Tax rate cuts misunderstood

David MoonBlog

The effect of tax cuts on deficits isn’t simple, but it doesn’t prevent people from acting as if it is. As Republicans propose individual federal income tax reform, two predictable tax cut camps emerge: those convinced that tax cuts, especially on “the wealthy,” increase deficits and those who believe cuts spur enough economic growth that tax revenues increase.

The evidence from previous rate cuts show that the relationship between rates and revenue isn’t as simple as either group suggests.

Since 1950, the U.S. passed significant reductions in the top marginal individual income tax rates in 1964, 1981, 1986 and 2001/2003. (The 2001 and 2003 cuts are so close together that I have evaluated them as a single event.) Deficits increased during the five-year period following three of those four rate cuts. (All figures in this column are inflation-adjusted.)
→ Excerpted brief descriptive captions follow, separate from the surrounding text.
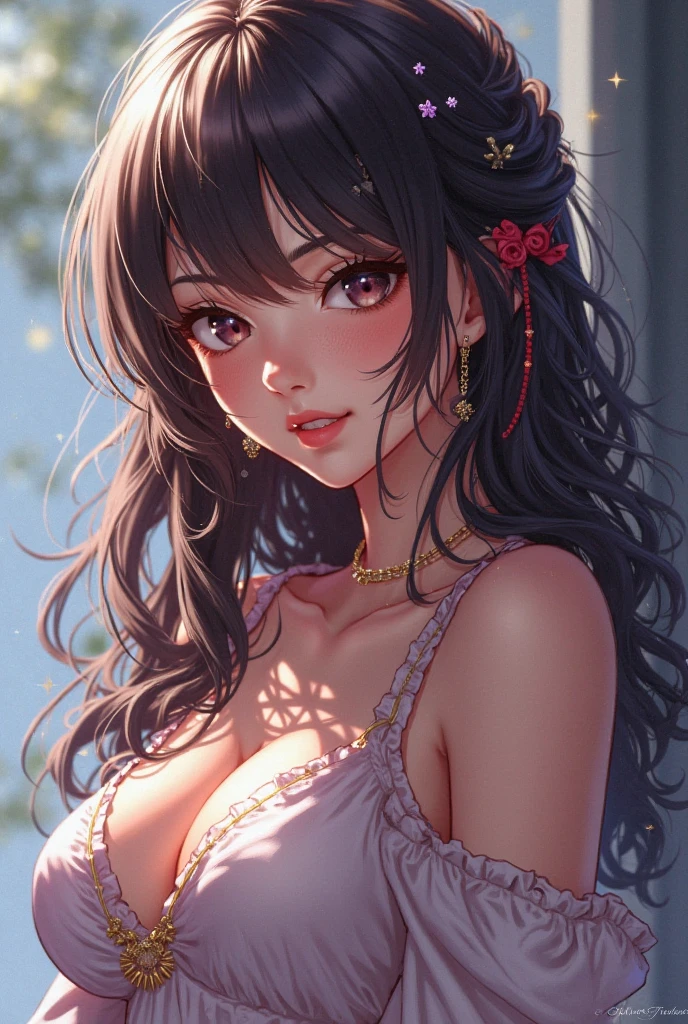 ((((highest quality))))、(((Ultra-precision CG16K wallpaper)))、(((masterpiece)))、(((Super detailed)))、(((Extreme detail)))、((1Mature 29 year old woman:1.6))、((Very beautiful Japanese faces))、((Zuo々Nozomi:1.5))、((Soft Wave Ponytail Long Hair、blunt bangs:1.5))、(Shiny brown hair)、Beautiful delicate eyes、Brown Eyes、eyeliner、Eyeshadow、High nose、Small nostrils、Small Mouth、Seductive lips、Beautiful breasts、((C cup size breasts))、Cleavage、Beautiful feet、eight-headed body、Perfect proportions、Perfect Anatomy、Perfect composition、Beautiful detailed shading、Beautiful, natural lighting、Beautiful detail glow、Depth of written boundary、(((High chroma)))、(((Real:1.9)))、((vivid:1.5))、((Beautiful Skin))、((Skin Texture))、((Realな皮膚感))、(((Bust Shot:1.6)))、((Front view、shoot from front、Front low angle:1.3))、(((Crying face:1.5)))、((The woman is looking at this、looking at viewer、Facing forward:1.6))、Bright daylight、Natural light、(((background_Geometric Wallpaper:1.4)))、(Standing pose:1.6)、(((Beige pink lace bikini bra:1.6)))、((choker、Wearing earrings:1.5))、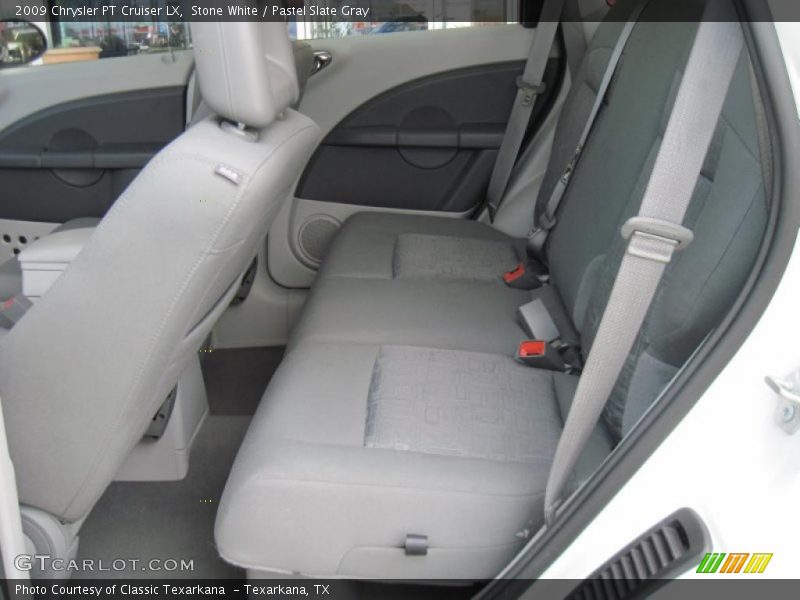 Stone White / Pastel Slate Gray 2009 Chrysler PT Cruiser LX
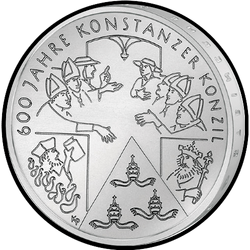 реверс 10€ 2014 "600 ° aniversario - Concilio de Constanza"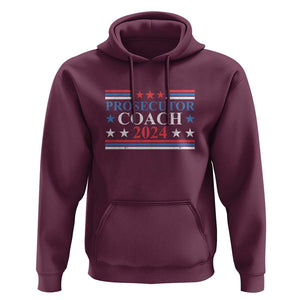 Harris Walz Hoodie Prosecutor Coach 2024 Presidential Election TS11 Maroon Print Your Wear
Federal revenues increased following all of the tax cuts, however, both in nominal and real, inflation-adjusted terms. Despite increased revenue, deficits increased following the 1981, 1986 and 2001-03 rate cuts because spending grew faster than collections. In all three cases, the tax cut would have been deficit neutral if spending increases had been limited to the revenue increases from the prior year.
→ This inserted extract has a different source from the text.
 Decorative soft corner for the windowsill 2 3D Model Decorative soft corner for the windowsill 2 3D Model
Does this mean that spending is the problem, not revenues? Not always. Tax cuts don’t occur in a vacuum. There are other factors, such as the strength of the economy or corporate rates. In the first two years following the 1981 tax cut, tax collections actually declined significantly – along with GDP. As was the case during most recessions, real incomes declined, resulting in lower tax revenues. Partisans and economists will disagree about whether or not lower tax rates caused, mitigated or were unrelated to the recession, but there is no question that the strength of the economy affects tax collections, regardless of tax rates.

Tax policy can and has been used to pursue a multitude of goals, not just the predictable, steady funding of government. Issues such as how much of the tax burden should be paid by which taxpayers are completely different from the revenue effects of changes in tax rates. The most pertinent revenue and spending measurement is the one least discussed: their sizes relative to the overall economy. Since 1950, tax collections have mostly bounced around between 16 and 18 percent of GDP regardless of tax rates or allowable deductions. Federal spending, however, has generally ranged between 19 and 22 percent of GDP, thus producing federal deficits in 57 of the 66 years since 1950.

The deficit problem isn’t due to tax rates or collections. It’s that we spend $1.15 or so for every dollar the government collects in taxes, making the federal government one of the few entities that “loses” more money for every additional dollar of revenue it collects.